Sie machen Underwood zu einem – wenn auch umstrittenen – aber doch starken Sonntagshelden.Und er erreicht sein Ziel. Ist das ein Schaden für die Demokratie? Die Antwort ist zwiespältig. Nur ein absolut gerissener, kalter, brutaler Typ kann den Gegnern standhalten, in diesem Fall den Chinesen und ihrem Machtanspruch. So wird das Berufsbild des Politikers ambivalent. Wir wählen sie, weil sie die treuen Augen eines süssen Teddybären haben. So zeigen sie sich uns auf den Plakaten, in den Homestories mit Ehefrau und Kindern; oder so putzig wie Manuela Schwesig, die sich so gerne als harmlose Küsten-Barbie verkauft.

Politik aber ist ein Geschäft für Tiger. Wir brauchen den Tiger. Damit er unsere Feinde zerreißt, uns vor ihnen schützt. Damit sich diese dunkle Seite der Macht nicht gegen uns richtet, dafür gibt es Institutionen, die Macht begrenzen, abwählen, entsorgen, wenn sie zu bedenkenlos wird. Und Politik wird gerne als Sandkastenspiel verkauft.

Politiker haben gelernt, dass die Zurschaustellung ihrer wahren Persönlichkeit sie nicht wählbar macht.
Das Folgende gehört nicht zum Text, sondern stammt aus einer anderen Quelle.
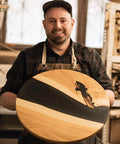 Woodworker holding round wooden table with black resin inlay in workshop, showing craftsmanship and design.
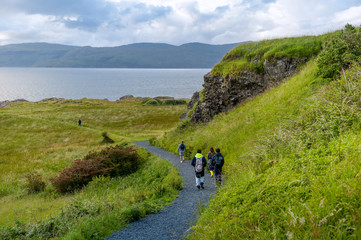 Fototapeta na wymiar Tourists walking at the eastern cape of Mull island, Duart castle hill, Scotland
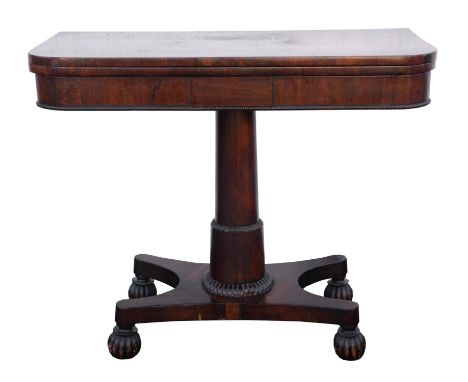 William IV rosewood card table, with swivel top and column stand, quatreform base with reeded bun feet on concealed castors, 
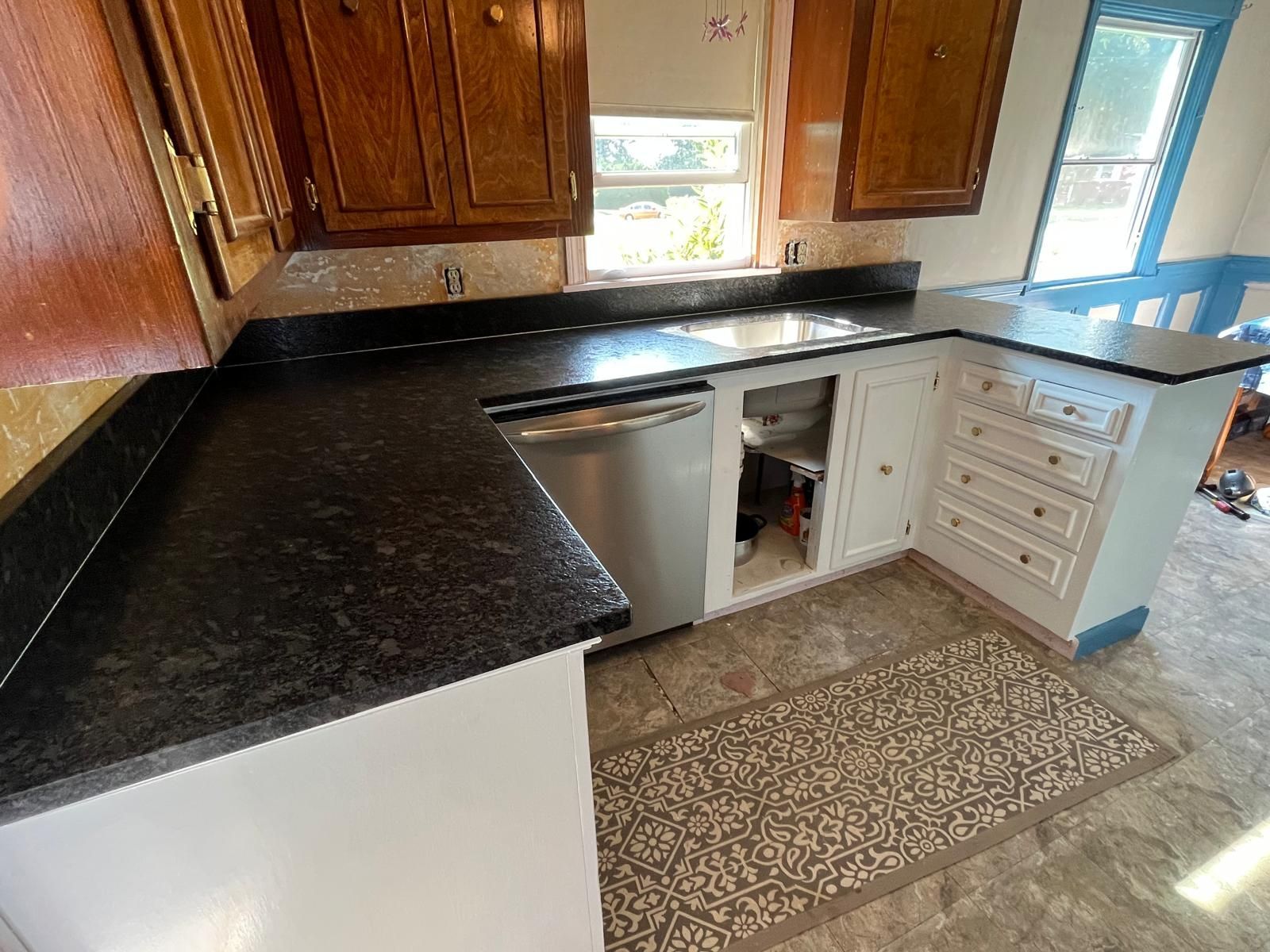 A kitchen with dark countertops, white cabinets, and a stainless steel dishwasher.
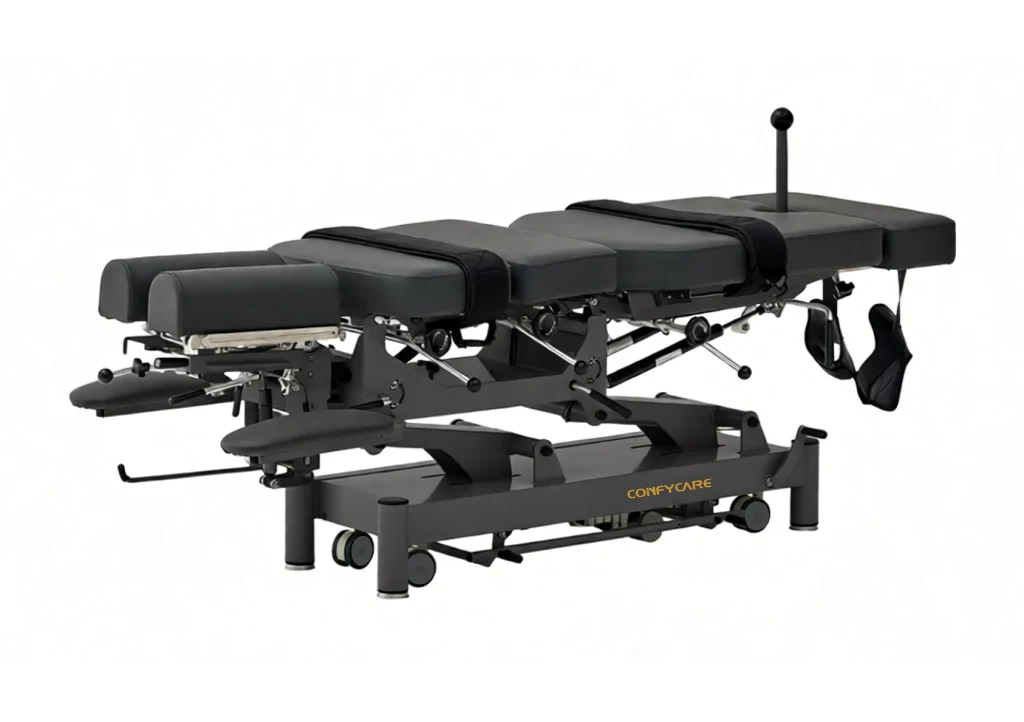 A professional grey Confycare flexion distraction chiropractic table with adjustable segments and ankle straps, used for spinal decompression and treating disc herniations.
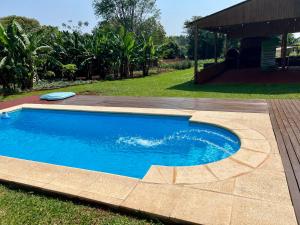 a large blue swimming pool in a yard at Casona Rural alquiler temporal in Puerto Rico +36 photos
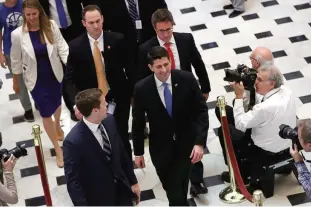  ??  ?? WASHINGTON: Speaker of the House Paul Ryan returns to his office after a successful vote on the passage of the American Health Care Act, the successor to the Affordable Care Act in Washington, DC. —AFP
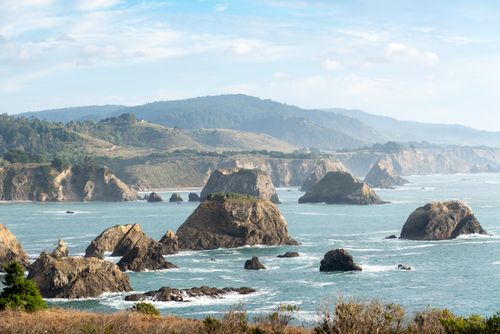 Free A breathtaking view of rocky coastal formations and ocean waves in a serene landscape. Stock Photo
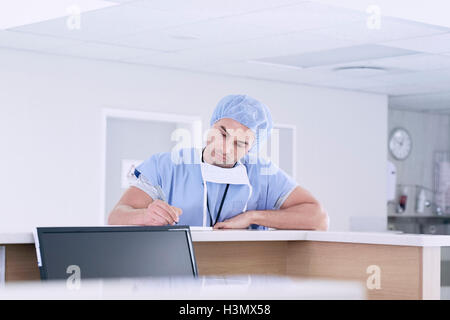 Männlichen Arzt medizinische Notizenschreiben an Krankenschwestern Station im Krankenhaus Stockfoto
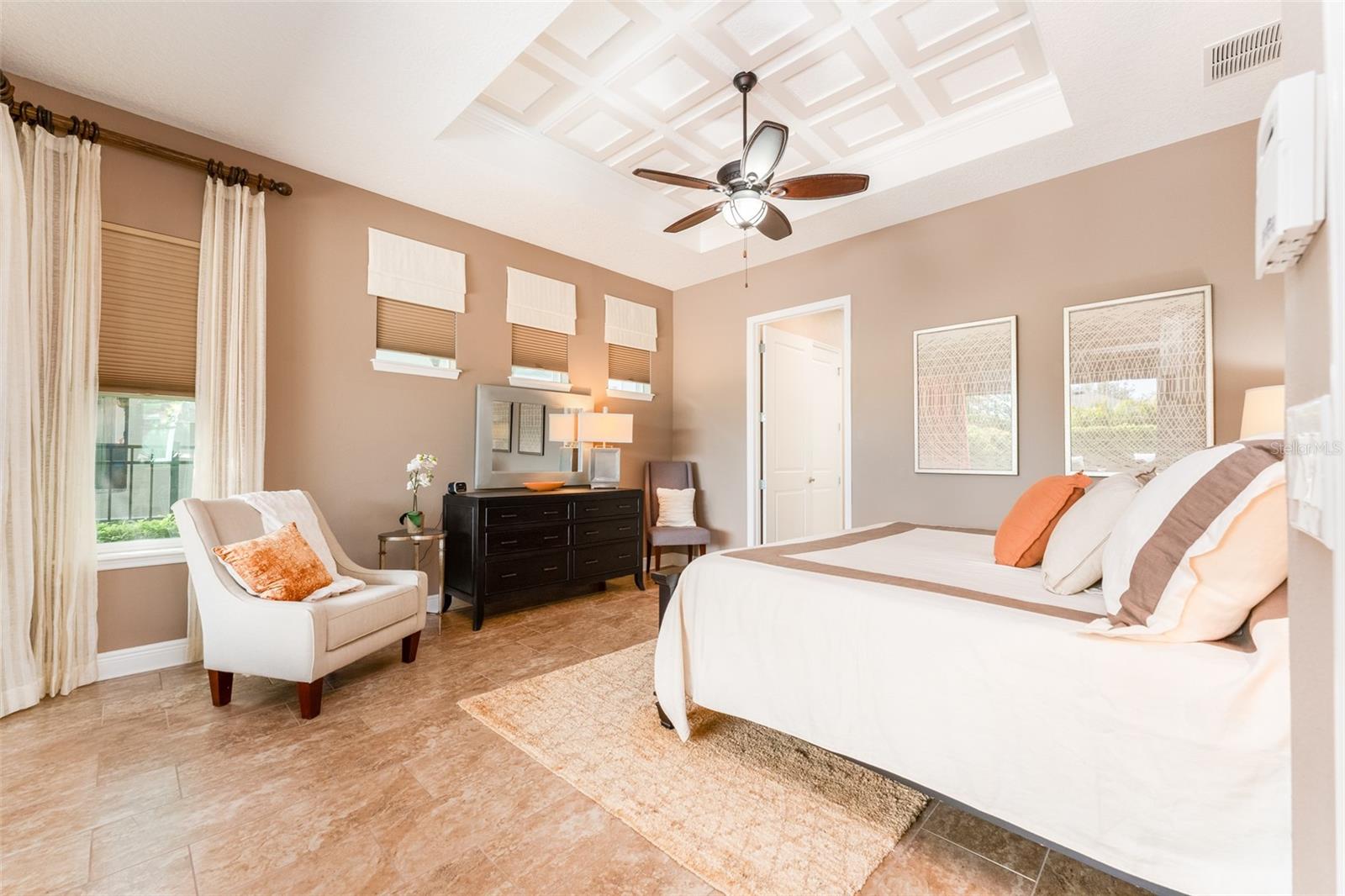 Primary Suite with Access via Sliders to the Outdoor Living Space. Notice the decorative coffered ceiling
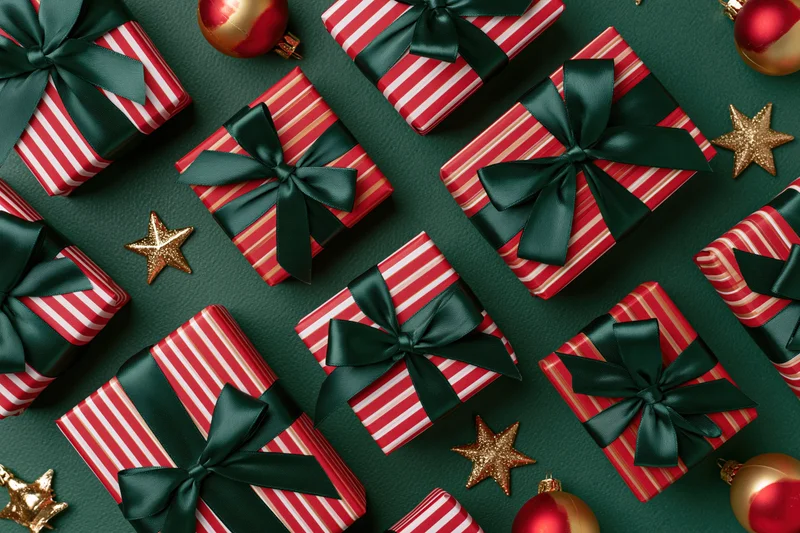 Red and white striped gift boxes with dark green satin bows and gold stars on a dark green surface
Perfekt gelingt dies Angela Merkel; mit ihrer Raute und ihren Sprachbildern von der schwäbischen Hausfrau; sie wirkt harmlos. Wer sie näher kennt, sieht, wie in Bruchteilen von Sekunden das Lächeln verschwindet und zum eisigen Blick wird – genau so schnell kehrt das Lächeln zurück. Aber ohne geht es nicht, wenn Russland-Chef Putin den geifernden Riesenköter buchstäblich loslässt, und ihr um die Beine streichen lässt, um sie einzuschüchtern. Politik ist keine Talk-Show mit einem netten Günther Jauch, der die Wogen glättet. Politik ist – Krieg.

Bei Gerhard Schröder konnte man das Wolfslächeln öfter sehen; das hat ihm geschadet. Aber der Aufsteiger mußte gelegentlich seine Überlegenheit demonstrieren. Helmut Kohl verbarg es hinter seiner massigen Figur und seinem gemütlichen pfälzischen Dialekt. Aber sie haben es alle.

Frank Underwood ist unter uns.


Staffel 1 + 2 laufen in Deutschland auf SKY Atlantic, ProSieben/Sat1. Staffel 3 soll Ende Februar 2015 bei Netflix auf Sendung gehen.